Credit lifeboat comes with moral hazards

What’s the best way to rescue stricken credit vehicles? The answer, it seems, is to create an even bigger one. Under plans encouraged by the US treasury, three leading investment banks will launch a $75 billion (Rs2.95 trillion) conduit which will buy the assets of those structured investment vehicles (SIVs) currently struggling to find financing.

Conceptually, the move makes sense. SIVs are typically off-balance sheet funds that invest in asset-backed securities, including mortgages, and are financed through the short-term commercial paper market.

Unlike conduits, which have a full bank guarantee, SIVs tend to have only a partial bank guarantee. That means if they run into financing difficulties as commercial paper programmes roll over, they will be forced to dump assets at firesale prices.

That can have knock-on effects for the entire banking industry, forcing other holders of similar assets to mark their positions to the new lower market price, which may in turn trigger further firesales.

It’s not yet clear how the unpromisingly-titled Single-Master Liquidity Enhancing Conduit (SMLEC) will work in practice—that is likely to be revealed later on Monday. But the likely total credit guarantee of around $75 billion is enough to absorb about one-third of the estimated $250 billion of industry-wide SIV assets.

Assuming that is enough to roll over all forthcoming financing programmes for the immediate future, that should remove a major element of uncertainty from both the commercial paper market and the asset-backed securities market. If the commercial paper market reopens, banks will be under less pressure to hoard cash to honour guarantees.

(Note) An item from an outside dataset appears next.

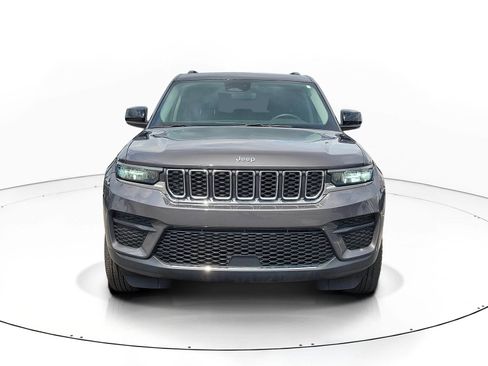 Used 2024 Jeep Grand Cherokee Laredo RWD image 3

In this sense, the SMLEC is, therefore, a welcome attempt to ease the credit squeeze, which is already taking its toll on the world economy.

Still, as with all central bank-orchestrated lifeboats, the SMLEC presents the usual array of moral hazards; prudent banks with minimal exposure to SIVs that hoped to profit from distressed sales will lose out; while banks that piled into SIVS, and which stand to lose most if market prices fall further, will find their recklessness goes unpunished.